Assigned task:
Quote every line of the data below as it stands, omitting pictures.

Material for this task:

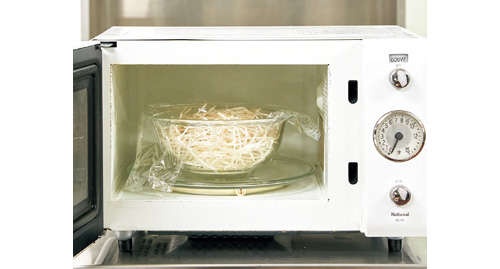 いくらでも食べられる！ バリエ広がる「もやしの体温め」レシピ5選（5）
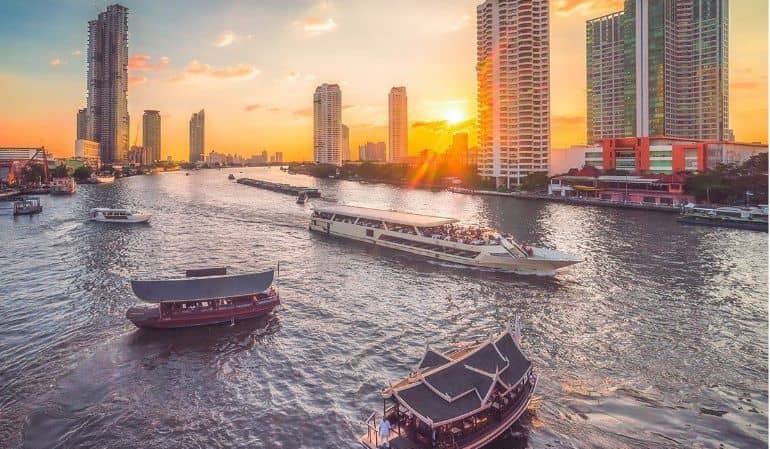 Boat Cruise on the Chao Phraya River in ayutthaya, thailand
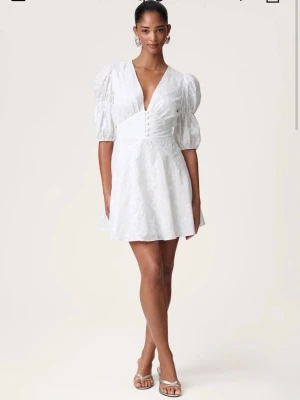 Studentklänning Adoore - Säljer denna supersöta vita klänning. Passar perfekt till student, sommaren eller när man vill vara extra fin. Fina broderier och i nyskick!💘💘💘💖💖💕💕 enbart använd pp student utspringet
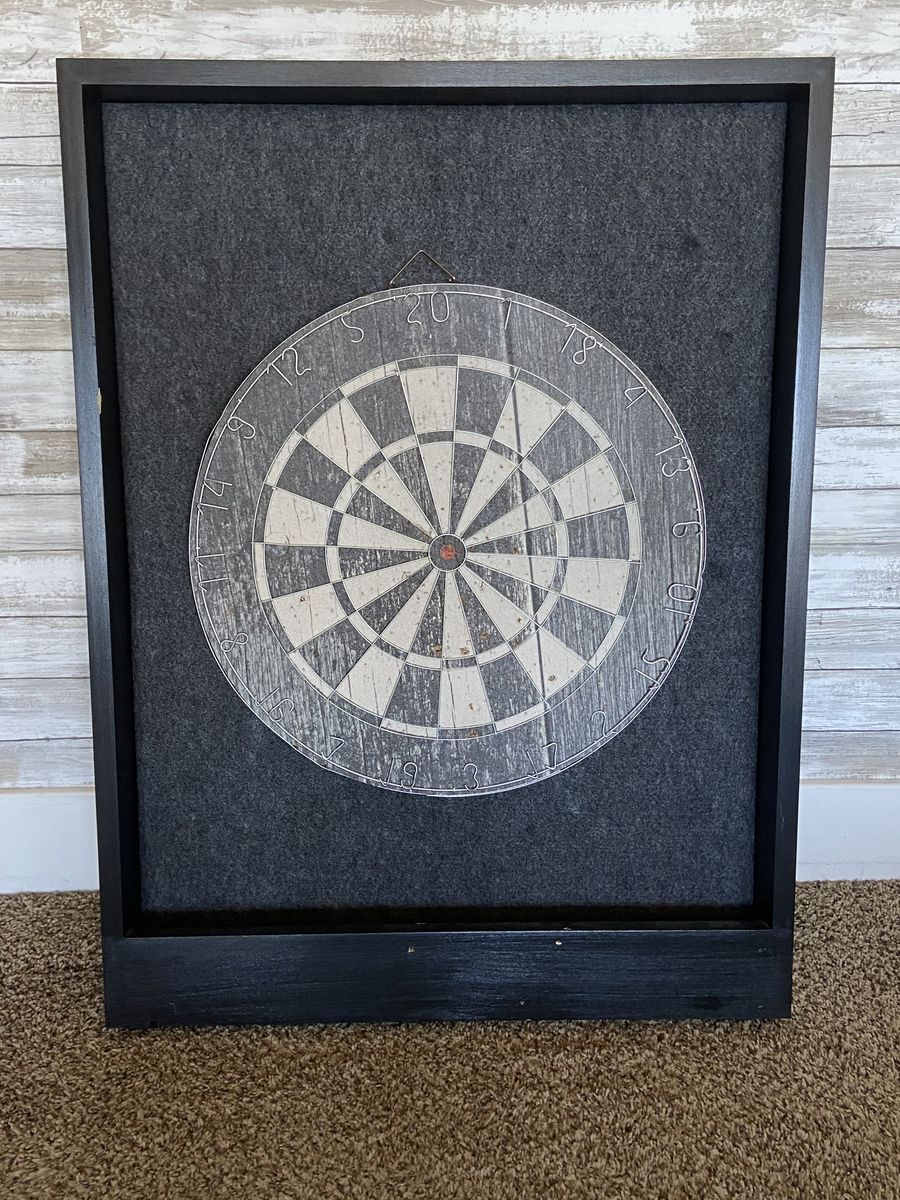 Dartboard and Frame - Rustic Farmhouse Style Decorative Dartboard frame and dartboard
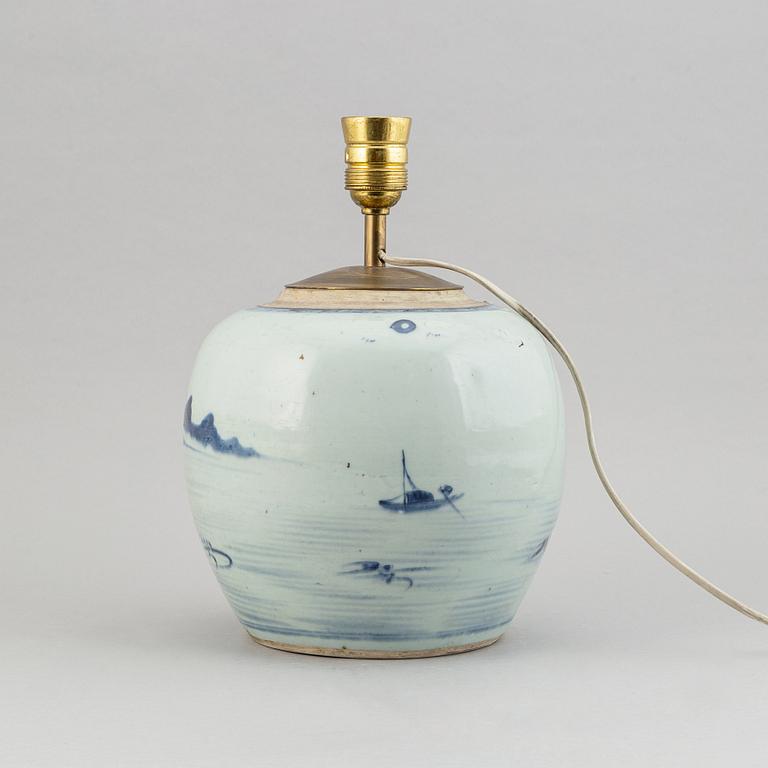 A blue and white porcelain lamp, Qing dynasty, 18th Century.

Reply to the task:
 いくらでも食べられる！ バリエ広がる「もやしの体温め」レシピ5選（5）
 Boat Cruise on the Chao Phraya River in ayutthaya, thailand
 Studentklänning Adoore - Säljer denna supersöta vita klänning. Passar perfekt till student, sommaren eller när man vill vara extra fin. Fina broderier och i nyskick!💘💘💘💖💖💕💕 enbart använd pp student utspringet
 Dartboard and Frame - Rustic Farmhouse Style Decorative Dartboard frame and dartboard
 A blue and white porcelain lamp, Qing dynasty, 18th Century.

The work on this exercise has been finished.